The question is if the lack of a rating system is going to hinder Practo’s growth as a platform. One of the reasons I would go to a website like Practo is when I don’t know any reliable doctors of the specialisation that I’m looking for. Now, Practo puts out some “objective” statistics about every doctor on its website – like their qualifications, number of years of experience and for some, the number of people who clicked through (like the doctor I went to today was a “most clicked” doctor, whatever that means), but none of them are really correlated with quality.

And healthcare is a sector where as Sangeet Paul Chaudary of Platform Thinking puts it, “sampling costs are high”. To quote him:

There are scenarios where sampling costs can be so high as to discourage sampling. Healthcare, for example, has extremely high sampling costs. Going to the wrong doctor could cost you your life. In such cases, some form of expert or editorial discretion needs to add the first layer of input to a curation system.
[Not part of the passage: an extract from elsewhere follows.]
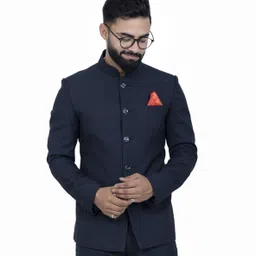 aljaami Men Solid Bandhgala Wedding Blazer-picture-45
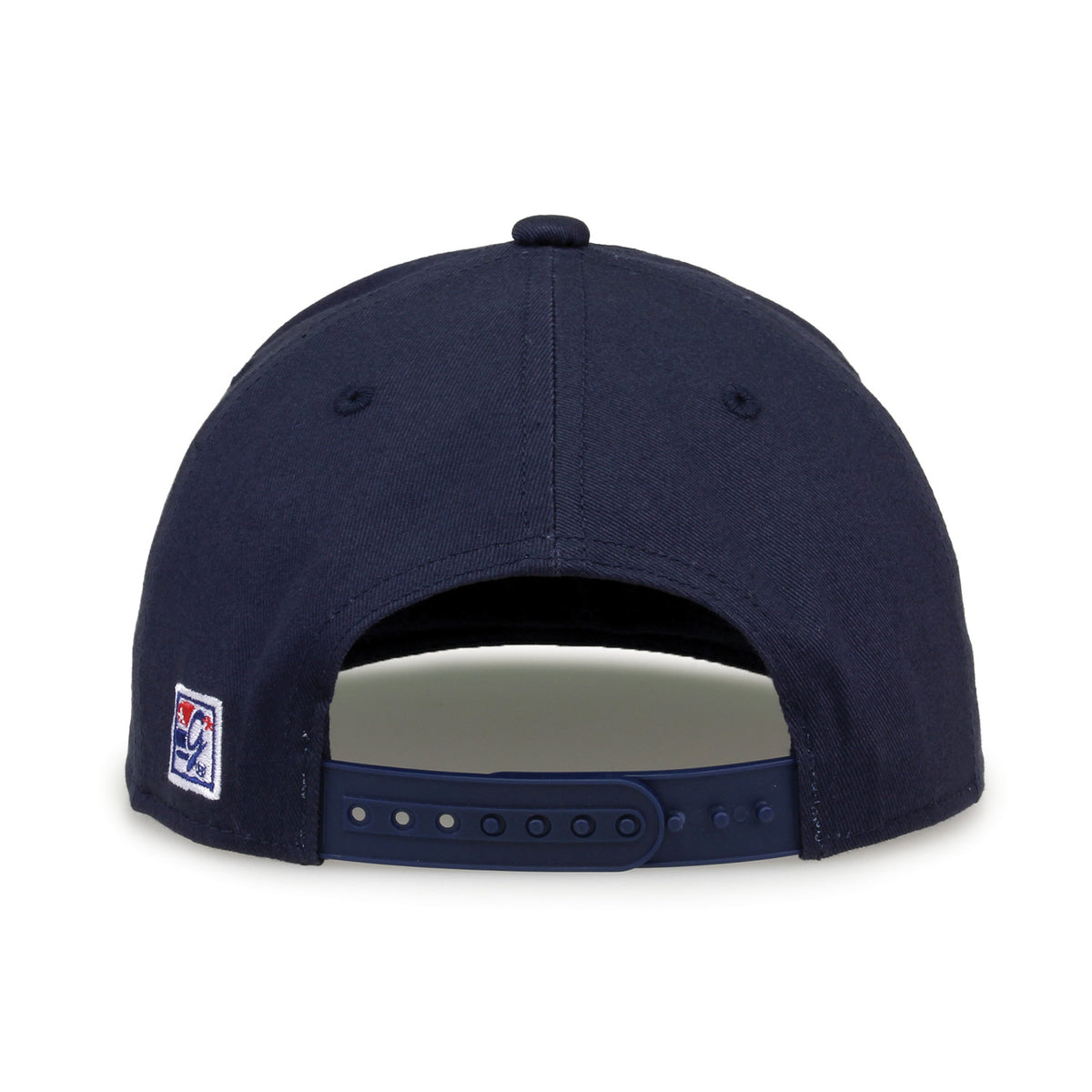 Georgia Southern Retro Bar snapback hat in navy, straight rear view showing the adjustable snap closure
So the lack of a rating system means that Practo will end up at best as a directory listing service rather than as a recommendation service. Every time people find a “sub-optimal” doctor via Practo, their faith in the “platform” goes down and they become less likely to use the platform in the future for recommendation and curation. I expect Practo to reach the asymptotic state as a software platform for doctors to manage their appointments, where you can go to request an appointment after you’ve decided which doctor you want to visit!

Potential investors would do well to keep this in mind.

Update

Today I got an SMS from Practo asking me if I was happy with my experience. I voted by giving a missed call to one of the two given numbers. I don’t know how they’ll use it, though. The page only says how many upvotes each doctor got (for my search it was all in the low single digits), so is again of little use to the user.